Set upon a giant red helix (which helpfully provides multiple levels and a convenient gaol for act 3), the action whizzes by. Khatarina Czernin’s choreography shows off the opera singers' physical agility as they throw themselves about the set. Eisenstein and Dr Falke even enact flying army rolls over a desk before jumping up to sing with no detrimental effect.
Beverly Blakenship (director) adds a layer of magic to the story; Falke controls the action with a letter sent here and a shower of glitter there. He cues the orchestra, and dances along to the overture. This touch allows for streamlined dialogue and well-paced action.

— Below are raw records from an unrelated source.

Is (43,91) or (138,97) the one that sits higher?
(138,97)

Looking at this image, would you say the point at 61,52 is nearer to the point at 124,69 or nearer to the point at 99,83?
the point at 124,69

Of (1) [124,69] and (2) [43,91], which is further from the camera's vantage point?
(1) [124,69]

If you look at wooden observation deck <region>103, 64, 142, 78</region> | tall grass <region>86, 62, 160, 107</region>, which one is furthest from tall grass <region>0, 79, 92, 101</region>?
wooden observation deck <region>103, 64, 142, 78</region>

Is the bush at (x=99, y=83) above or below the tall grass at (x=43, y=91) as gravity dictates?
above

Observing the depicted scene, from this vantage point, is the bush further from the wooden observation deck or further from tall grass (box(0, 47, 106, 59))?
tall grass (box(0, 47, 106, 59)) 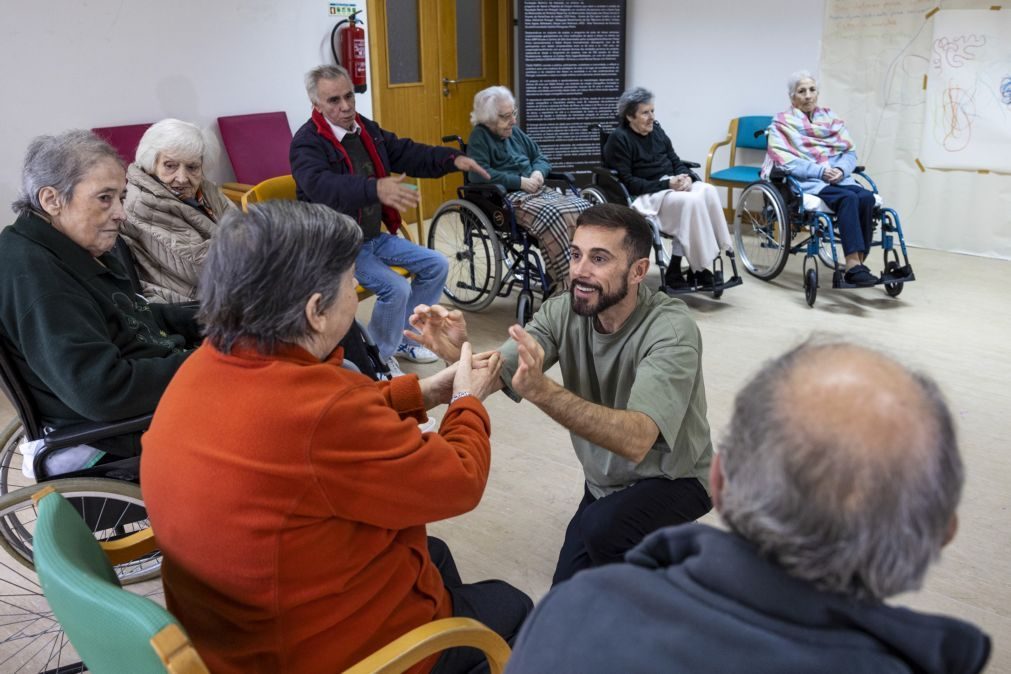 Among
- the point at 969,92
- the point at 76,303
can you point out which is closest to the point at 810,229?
the point at 969,92

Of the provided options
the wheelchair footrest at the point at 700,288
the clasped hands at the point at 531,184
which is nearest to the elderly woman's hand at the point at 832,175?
the wheelchair footrest at the point at 700,288

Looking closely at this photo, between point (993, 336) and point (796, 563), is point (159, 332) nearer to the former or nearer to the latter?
point (796, 563)

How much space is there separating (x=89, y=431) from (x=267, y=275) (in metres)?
0.85

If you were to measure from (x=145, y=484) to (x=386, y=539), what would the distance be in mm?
350

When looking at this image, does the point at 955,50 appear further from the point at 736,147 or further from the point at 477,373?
the point at 477,373

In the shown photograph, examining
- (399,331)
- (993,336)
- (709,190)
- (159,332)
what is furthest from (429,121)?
(159,332)

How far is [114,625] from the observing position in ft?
3.12

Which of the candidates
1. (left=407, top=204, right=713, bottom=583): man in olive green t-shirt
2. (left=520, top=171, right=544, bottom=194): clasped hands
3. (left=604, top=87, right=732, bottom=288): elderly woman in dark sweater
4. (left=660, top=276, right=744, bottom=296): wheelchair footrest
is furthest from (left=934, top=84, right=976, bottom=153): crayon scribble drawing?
(left=407, top=204, right=713, bottom=583): man in olive green t-shirt

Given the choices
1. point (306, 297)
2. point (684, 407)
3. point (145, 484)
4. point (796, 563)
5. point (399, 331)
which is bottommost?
point (399, 331)

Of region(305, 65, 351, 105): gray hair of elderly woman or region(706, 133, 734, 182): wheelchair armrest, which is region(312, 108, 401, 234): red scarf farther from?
region(706, 133, 734, 182): wheelchair armrest

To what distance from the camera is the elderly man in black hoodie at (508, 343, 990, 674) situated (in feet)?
2.39

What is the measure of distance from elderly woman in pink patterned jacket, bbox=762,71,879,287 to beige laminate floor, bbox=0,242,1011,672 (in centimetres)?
30

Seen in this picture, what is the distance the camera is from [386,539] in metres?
1.26

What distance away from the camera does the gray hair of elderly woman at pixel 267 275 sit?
1.22m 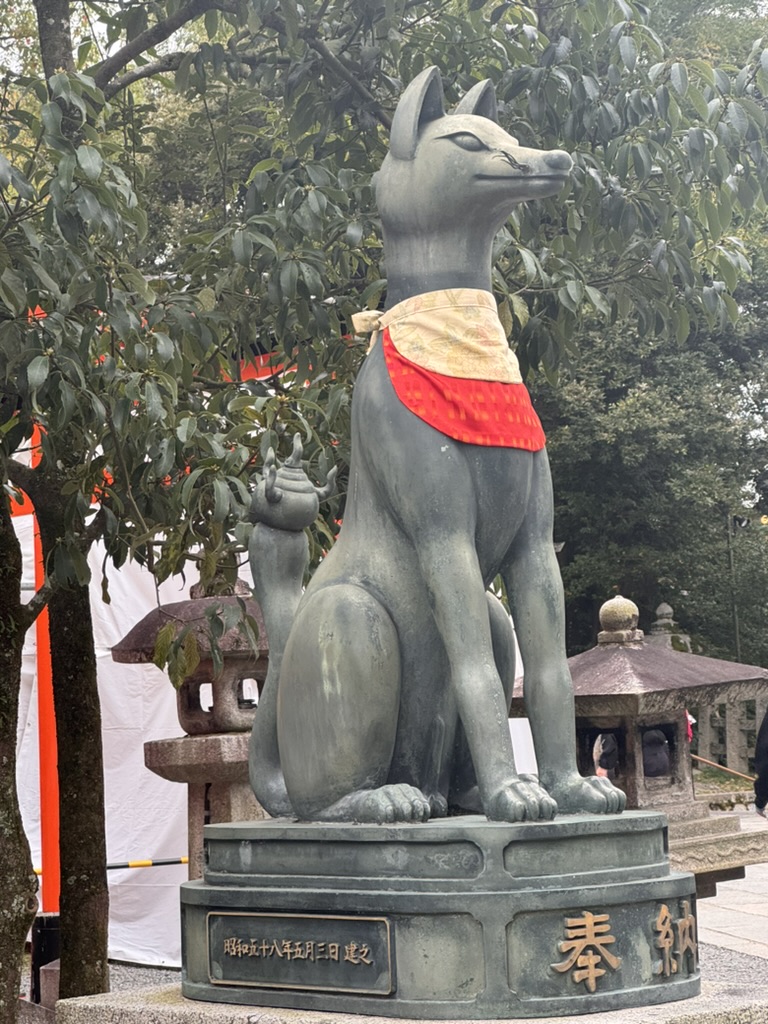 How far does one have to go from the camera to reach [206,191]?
1166 centimetres

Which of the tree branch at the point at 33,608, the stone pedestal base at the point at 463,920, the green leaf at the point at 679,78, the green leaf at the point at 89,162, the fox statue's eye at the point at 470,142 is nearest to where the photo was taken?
the stone pedestal base at the point at 463,920

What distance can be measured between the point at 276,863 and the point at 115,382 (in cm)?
218

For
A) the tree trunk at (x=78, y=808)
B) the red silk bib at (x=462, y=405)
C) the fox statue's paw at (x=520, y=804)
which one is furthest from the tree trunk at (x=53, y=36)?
the fox statue's paw at (x=520, y=804)

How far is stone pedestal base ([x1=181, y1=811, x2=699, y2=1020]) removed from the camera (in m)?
3.01

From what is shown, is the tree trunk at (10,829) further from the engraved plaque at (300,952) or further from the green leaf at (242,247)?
the engraved plaque at (300,952)

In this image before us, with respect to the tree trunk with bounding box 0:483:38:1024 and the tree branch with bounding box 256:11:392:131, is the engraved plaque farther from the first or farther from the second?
the tree branch with bounding box 256:11:392:131

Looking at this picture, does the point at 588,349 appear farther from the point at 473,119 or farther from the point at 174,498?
the point at 473,119

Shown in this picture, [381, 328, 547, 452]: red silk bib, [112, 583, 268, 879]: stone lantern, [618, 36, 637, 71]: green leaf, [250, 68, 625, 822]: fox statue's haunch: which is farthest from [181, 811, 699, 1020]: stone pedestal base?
[112, 583, 268, 879]: stone lantern

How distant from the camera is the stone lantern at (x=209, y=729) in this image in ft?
23.4

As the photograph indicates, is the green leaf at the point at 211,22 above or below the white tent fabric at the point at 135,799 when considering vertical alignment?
above

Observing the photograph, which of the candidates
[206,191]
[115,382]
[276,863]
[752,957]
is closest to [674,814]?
[752,957]

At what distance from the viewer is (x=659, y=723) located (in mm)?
7676

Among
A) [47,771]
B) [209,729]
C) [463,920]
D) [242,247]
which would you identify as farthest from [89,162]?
[47,771]

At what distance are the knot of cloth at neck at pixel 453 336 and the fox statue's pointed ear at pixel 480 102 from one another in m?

Blakenship also fills the show with satisfying details: the maid Adele cannot help but leap for thrown shoes and coats, even when posing as a famous actress.
There is wonderful singing from all, but it is the trio of female leads who vocally steal the show. Mareike Jankowski (Prince Orlovsky) has a melting, rich tone, though lags a little in the faster tempos. Seung Hee Kim (Rosalinde) sings with sultry-sweetness, tempting all men that come near. Brigitta Simon (Adele) is a delight, her excellent coming timing paired with effortless high notes make a dynamic package. Eisenstein (Daniel Foki) and Dr Falke (Christoph Filler) have enough energy to keep the show buoyant and along with Frank (Michael Nagl) make a hilarious trio.
The Schönbrunn Festival Orchestra captures the Vienese spirit under the baton of Guido Mancusi. They add musical sparkle with joyous flexibility and break-neck speeds. Sadly, the final chords of each number fail to resonate and leave the audience feel a little dampened at the exact moment they wish to applaud.
This is a thoroughly entertaining evening, and a chance to see singers who look set to have glittering futures. Whilst the other musicians holiday, it’s a rare treat to enjoy Die Fledermaus in its birthplace coupled with the breathtaking surroundings of the Schönbrunn Palace.